We learn so little in school about our neighbors to the north that I am always glad to discover a historical novel that explores Canadian history, particularly as it intersects with our own past. Clearly racism didn't end at the Canadian border, despite the lack of a history of slavery in Canada. This novel offers an interesting perspective on the Civil War period from the other side of the border, and it's also a moving coming-of-age story about a young man who's forced to confront his fears in order to pursue what's right.

5.0 out of 5 stars Super YA Story, July 30 2010
By Tara - Published on Amazon.com
This review is from: Grease Town (Hardcover)
This is a novel aimed at the adolesent bracket, but my thirty year old self thoroughly enjoyed it. It is a touching story with a moral.

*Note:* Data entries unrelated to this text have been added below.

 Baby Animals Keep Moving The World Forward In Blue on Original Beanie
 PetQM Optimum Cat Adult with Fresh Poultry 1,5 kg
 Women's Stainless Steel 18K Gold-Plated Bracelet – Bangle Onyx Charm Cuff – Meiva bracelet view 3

Thru the eyes of a twelve year old boy, Titus, readers see what life was like in a booming oil town in colonial Canada. During this time, America is engaged in the civil war and runaway slaves are running to Canada where they can be free... supposedly. Titus has his everyday twelve year old problems such as being small and somewhat sickly, dealing with girls, worrying about his snobby Aunt Sadie taking him away from his beloved Uncle Amos, and going to school. But Titus's biggest problem of all is watching his friend Moses, the son of a former slave, be mistreated simply because of his skin color. As Titus starts to learn about hypocrisy and hate, the town's trouble makers target the "shanty town" of former slaves, aiming to run them out of town or worse. Can Titus get to his friend Moses in time? Can he save his friend? Just how much can one twelve year old boy do?

A great read, not all completely serious either. Occasionally, Titus injects humor into his narrative regarding girls or his Aunt Sadie, getting quite a few chuckles from me. If I had children, I would be pressing this into their hands.